» **Task to carry out**
From the line that contains "Guest House Kusika" down to the last line of the entries, please return everything exactly, except the pictures.

The input START

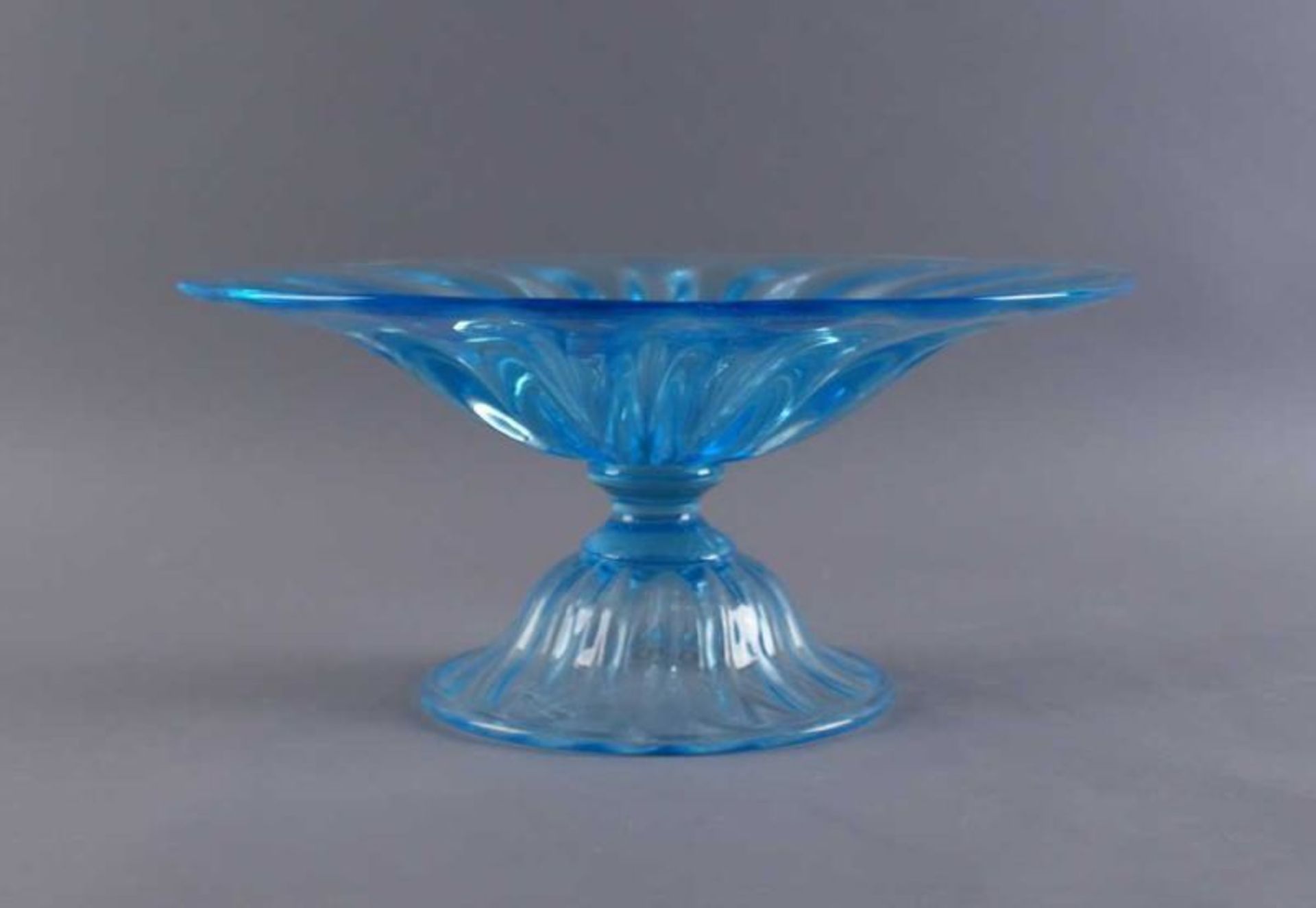 MURANO SCHALE / TAFELAUFSATZ 20. JH., Murano Schale aus türkisblauem Glas, mit Gravur am Sockel, H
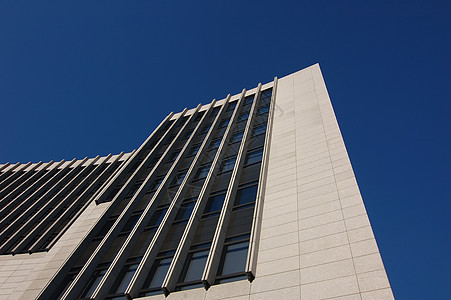 现代建筑   生物多样性公约   银行商业区天际天空蓝色工作城市财富旅行市中心景观办公室图片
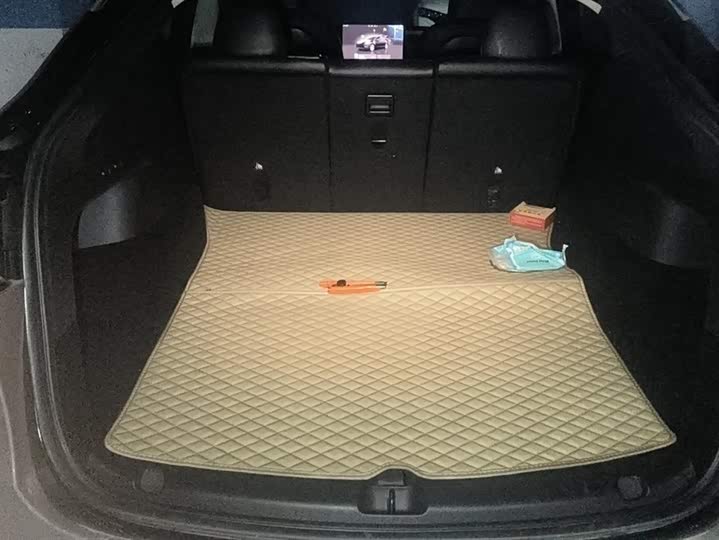 Фото 4 - Tesla Model Y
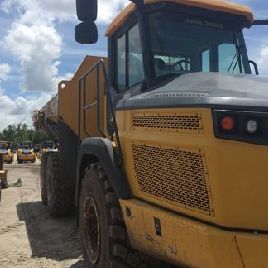 2018 John Deere 260E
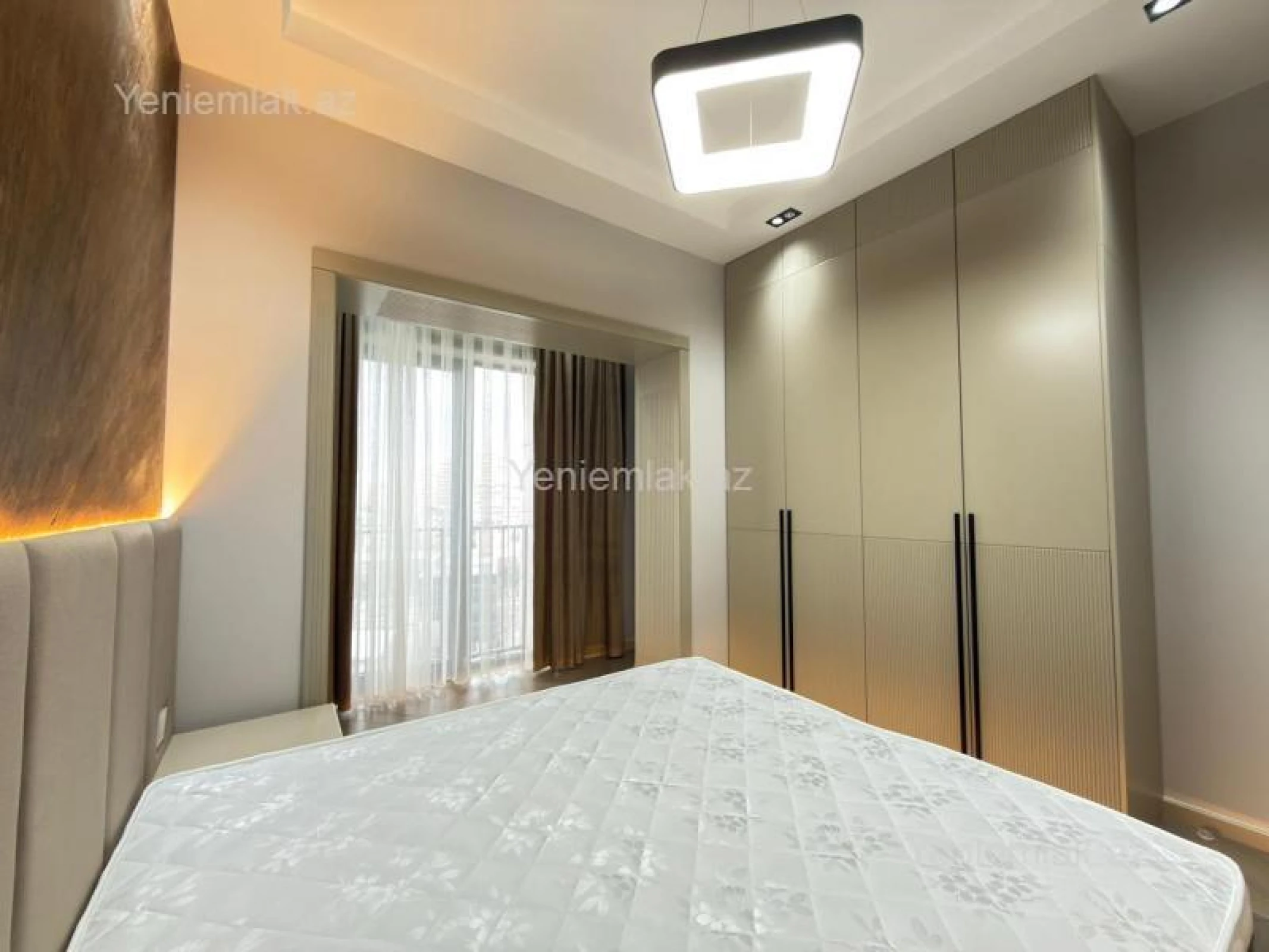 Satılır 2 otaqlı yeni tikili 68 m²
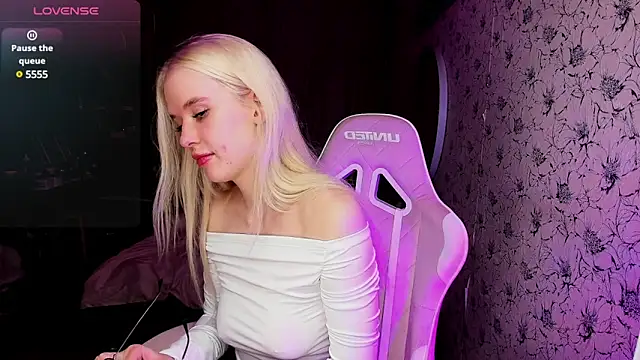 Healing  girl online show from February 2025 09:52:02 AM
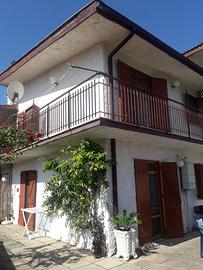 Villino c/giard.indip.a 250 mt mare lido di fondi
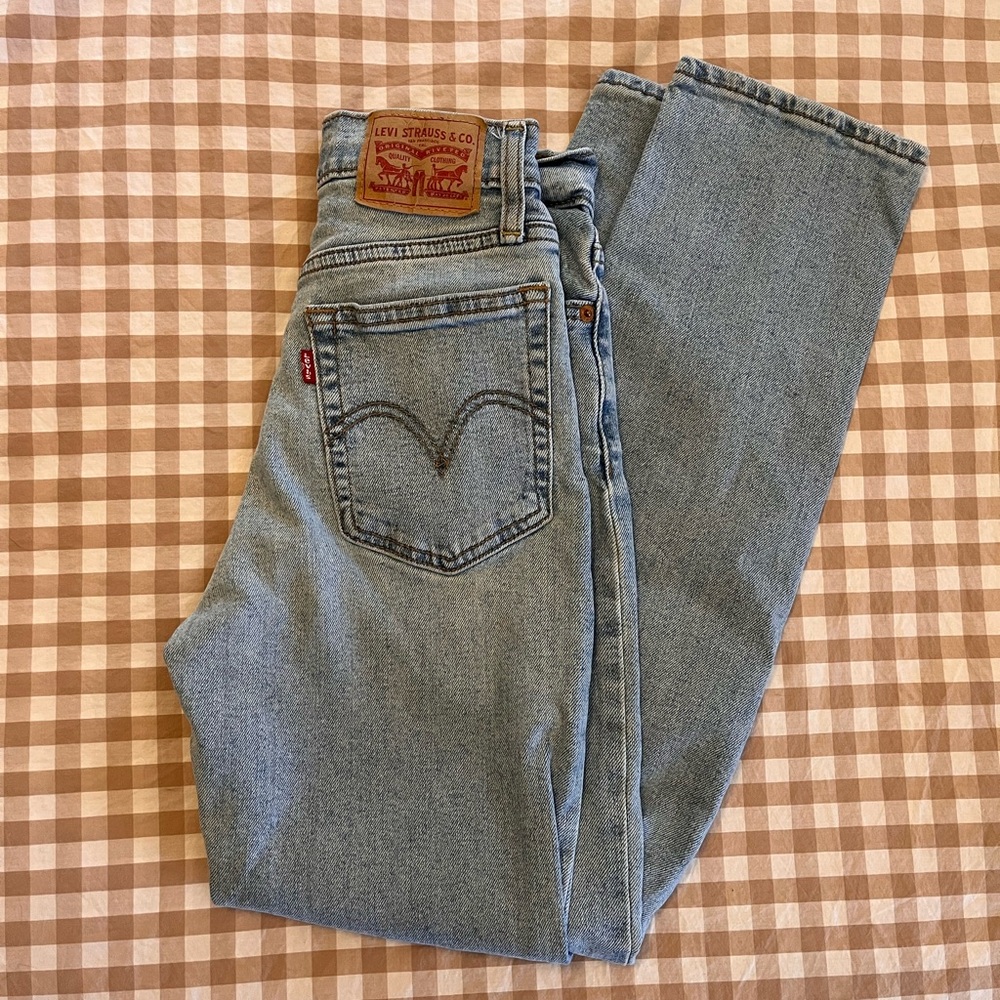 Levi's Women’s Light Blue High Waisted Wedgie Straight Jeans Size 24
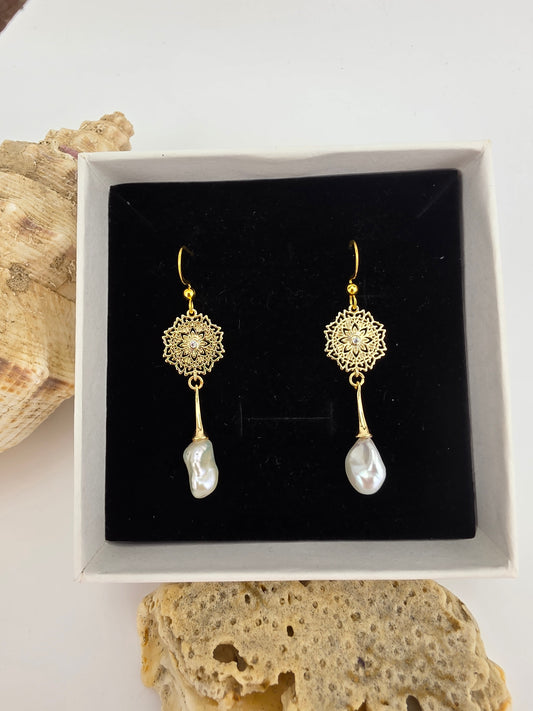 Elegant Keshi Pearl/filigree/zc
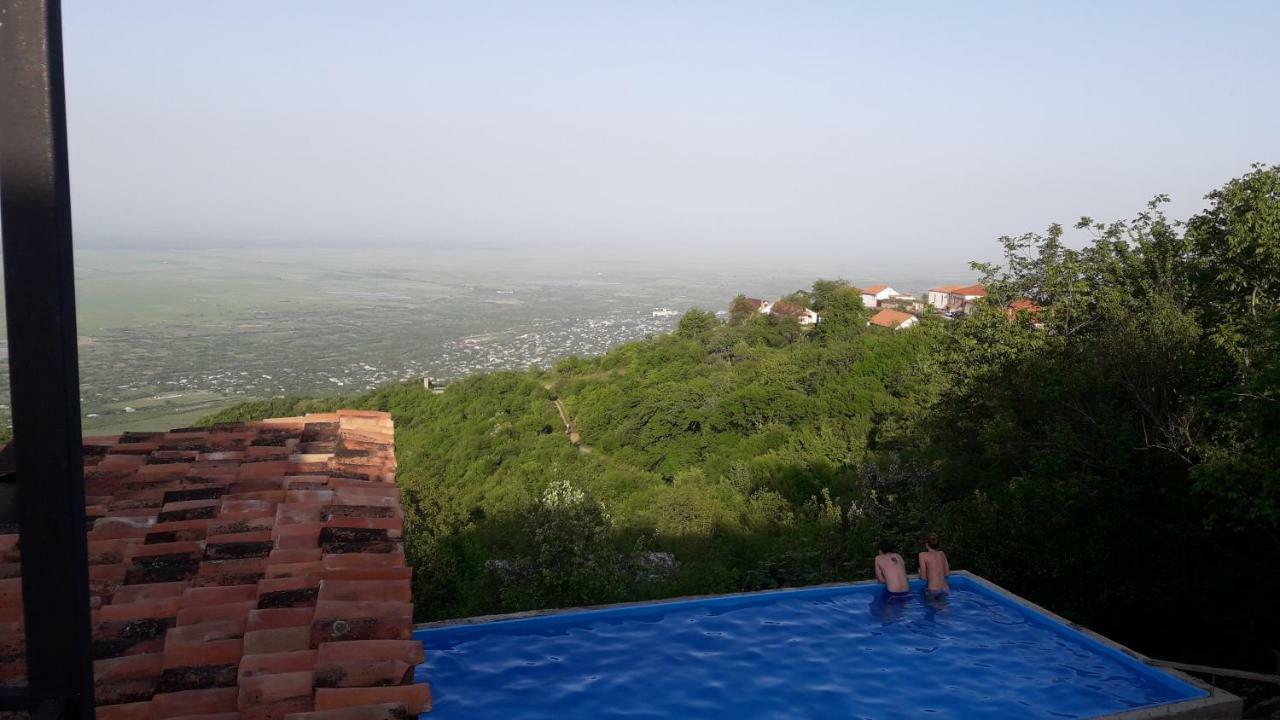 Guest House Kusika Sighnaghi Bagian luar foto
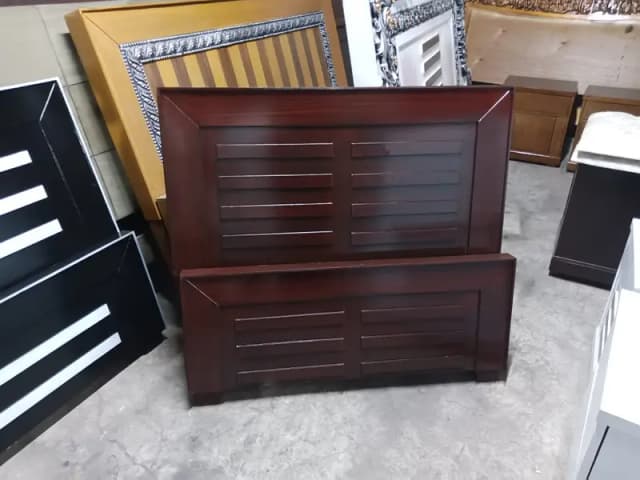 single bed/wooden single bed/dressing table/bed set/wooden bed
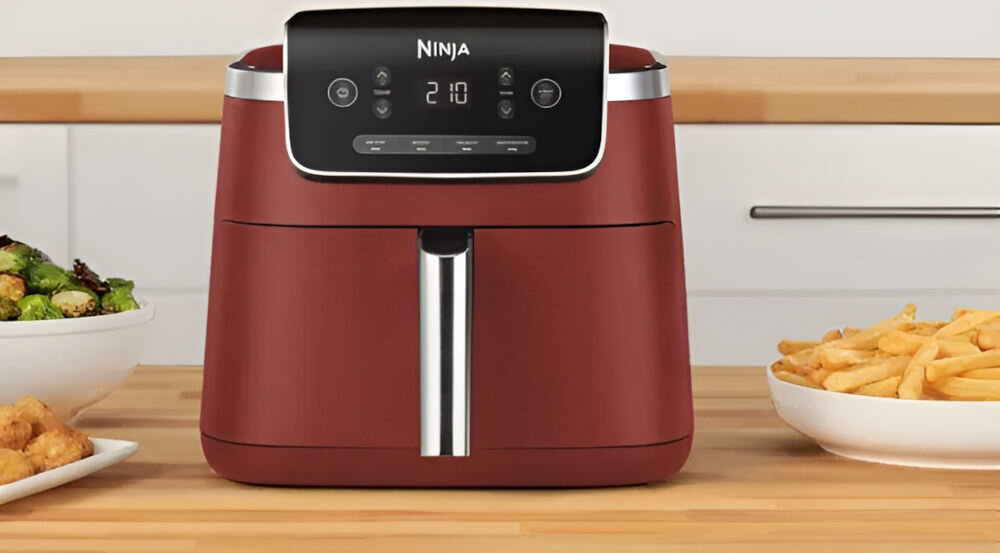 Frytkownica beztłuszczowa NINJA Foodi AF140EUCMCM Air Fryer Czerwony przyjemność bez tłuszczu frytkownica stoi na blacie czerwona obudowa wyświetlacz potrawy obok urządzenia 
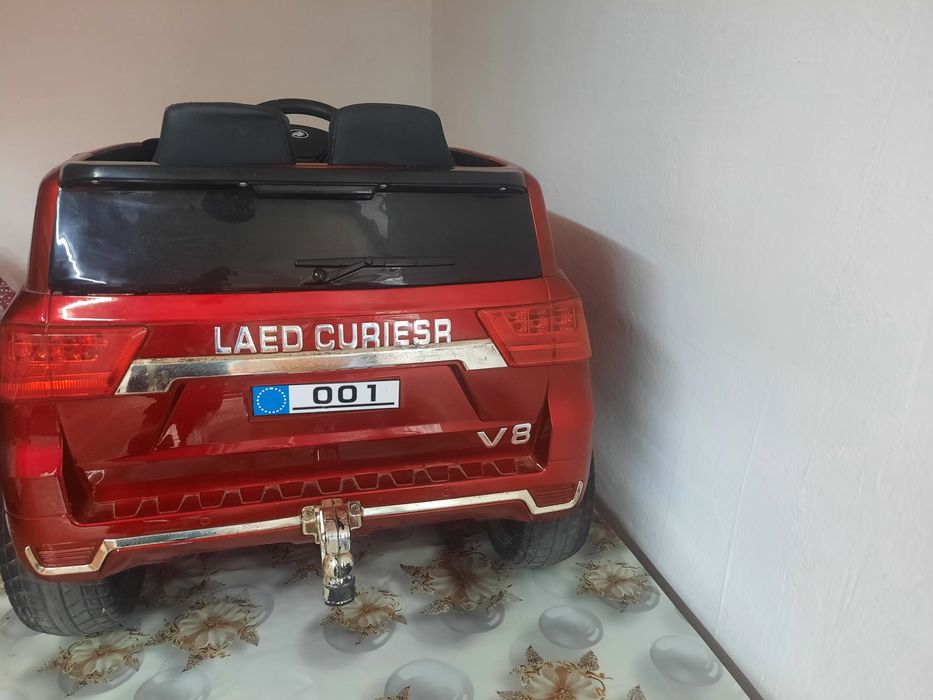 Продам детский электромобиль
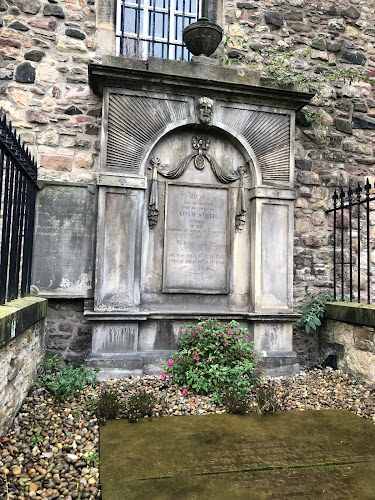 Comments and reviews of Canongate Kirk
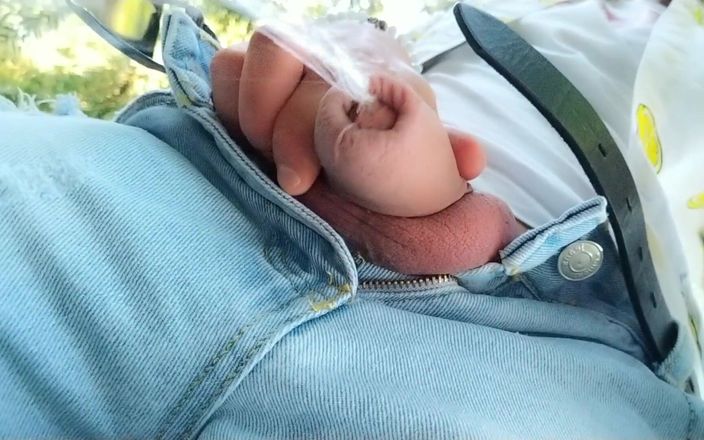 Idmir Sugary: Kencing di taman di balik pohon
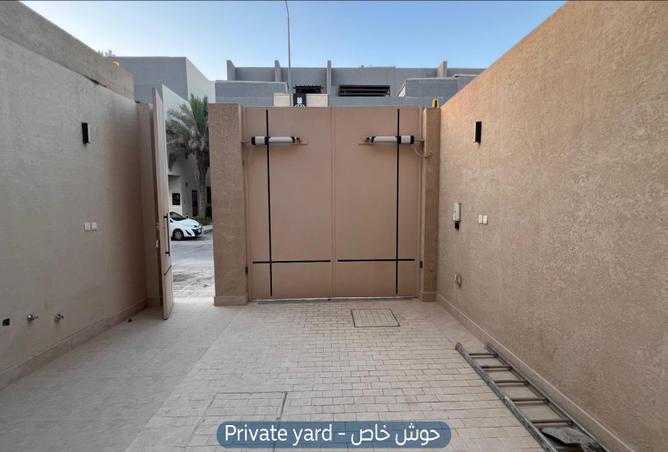 256762 - Property Image 2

The input END

» **Result of this task**
 Guest House Kusika Sighnaghi Bagian luar foto
 single bed/wooden single bed/dressing table/bed set/wooden bed
 Frytkownica beztłuszczowa NINJA Foodi AF140EUCMCM Air Fryer Czerwony przyjemność bez tłuszczu frytkownica stoi na blacie czerwona obudowa wyświetlacz potrawy obok urządzenia 
 Продам детский электромобиль
 Comments and reviews of Canongate Kirk
 Idmir Sugary: Kencing di taman di balik pohon
 256762 - Property Image 2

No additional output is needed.